Lihat seragamku juga kotor dan kau penyebabnya! Kau menabrakku! Kau dengar yang
kukatakan ?!” Wajah Lisa merah padam saat mengatakan itu semua. Mungkin dia
mulai kesal dengan sikap diam Aya.
Aku
berhenti tiga meter di belakang Aya. Toni yang ada di belakangku hanya diam tak
berkedip. Raut muka takjub. Mungkin kericuhan di depannya baru disaksikannya
sekali dalam hidupnya. Entahlah. Aku ingin tahu letak kesalahan Aya. Sebenarnya
apa yang ada dipikirannya? Dia selalu menutupi kesalahannya dengan menuduh
orang lain. Paling tidak dia mendiamkan masalah yang dia buat. Terlalu
angkuhkah dirinya untuk menyadari kesalahan di depan umum?
“Kau
yang menabrakku! Aku hanya berjalan!” Sergah Aya kasar.
“Ya,kau
hanya berjalan dan aku berdiri,Aku berdiri!

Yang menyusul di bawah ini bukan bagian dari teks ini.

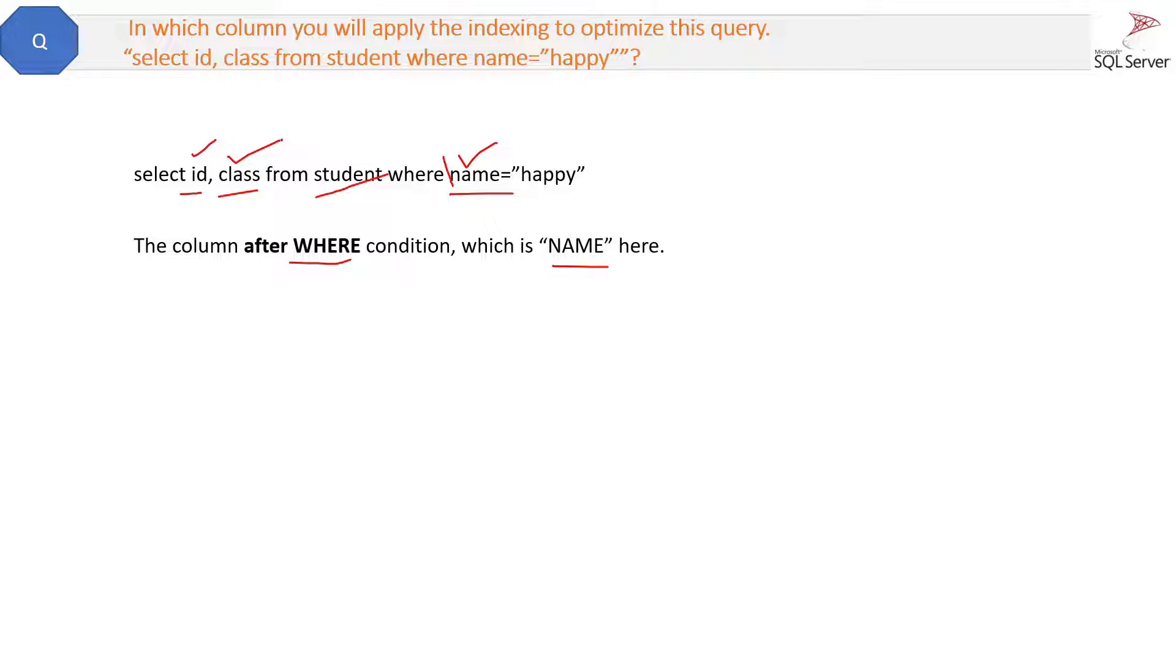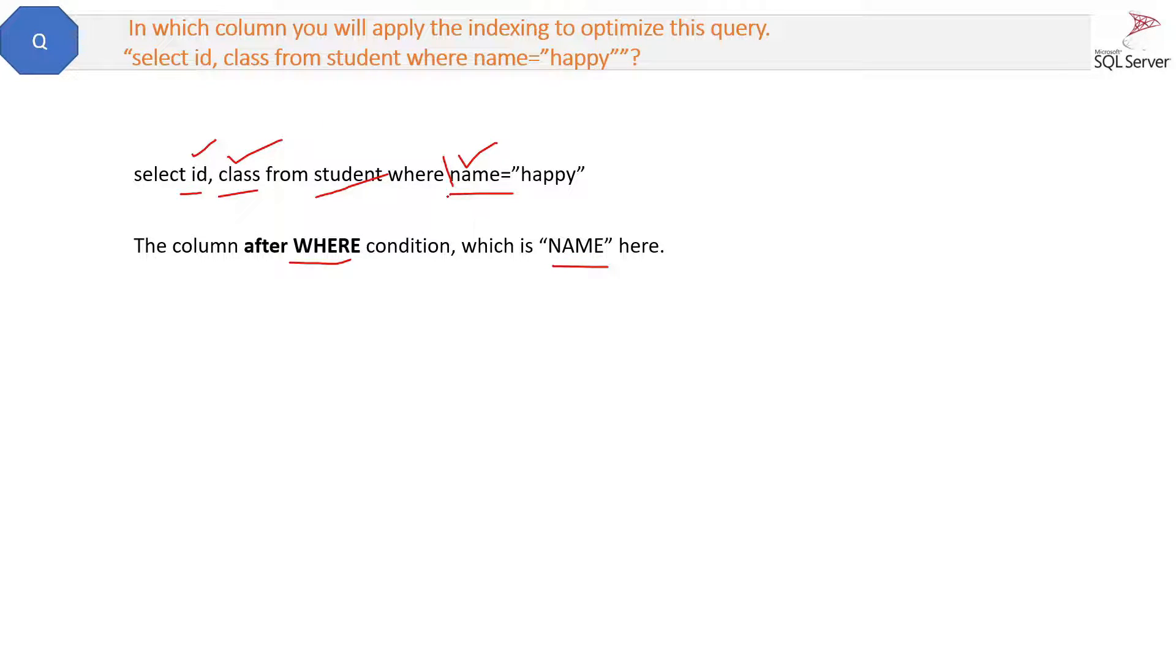That will not give you any good performance, that is worthless. So always the columns after the WHERE condition have to be indexed.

Bukankah kau selalu masuk dalam
peringkat tiga besar? Gunakan akalmu dong! Mana ada orang berdiri menabrak
orang berjalan? Bukankah yang ada justru sebaliknya?” Lisa menyangkal
pernyataan Aya lantang.
Aku
tersenyum getir. Kau kalah Aya. Apakah kau masih akan mengelak dari
kesalahanmu? Apakah kau malu walau hanya untuk meminta maaf? Aku bergeming
sendiri dalam hati. Toni hanya menggeleng pelan melihat sifat Aya yang semakin
menjadi.
“Salah
kamu mengapa kamu berdiri disini!” Aya tiba-tiba menyahut. Membuat mata-mata
yang tadi terbuka tenang menjadi terbelalak kaget. Gadis Gila. Terdengar bisik-bisik yang mulai membuat telingaku
pengap.
“Miss Black Mirrors,sekali lagi
kutegaskan! Aku selalu berdiri disini dan baru kali ini ada yang menabrakku.

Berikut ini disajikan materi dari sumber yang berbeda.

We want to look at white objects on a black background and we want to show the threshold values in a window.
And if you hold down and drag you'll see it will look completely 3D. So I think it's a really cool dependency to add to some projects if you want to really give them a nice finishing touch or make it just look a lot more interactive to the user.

Kau seharusnya meminta maaf!” ,dari raut wajah Lisa dapat kulihat bahwa dia
marah besar.
“Itu
bukan masalahku dan tak seharusnya aku meminta maaf. Sudahlah urusi dirimu
sendiri!” Aya berkata tegas.
Itu
kalimat terakhir Aya.Dia langsung saja pergi tanpa mempedulikan tatapan dari
anak-anak lain. Kau telah membuat masalah besar Aya. Kau membohongi dirimu
dengan semua kesalahanmu. Kau selalu berkaca di cermin hitam. Kau tak mau
mencoba berkaca di cermin bening. Itu letak masalahmu selama ini.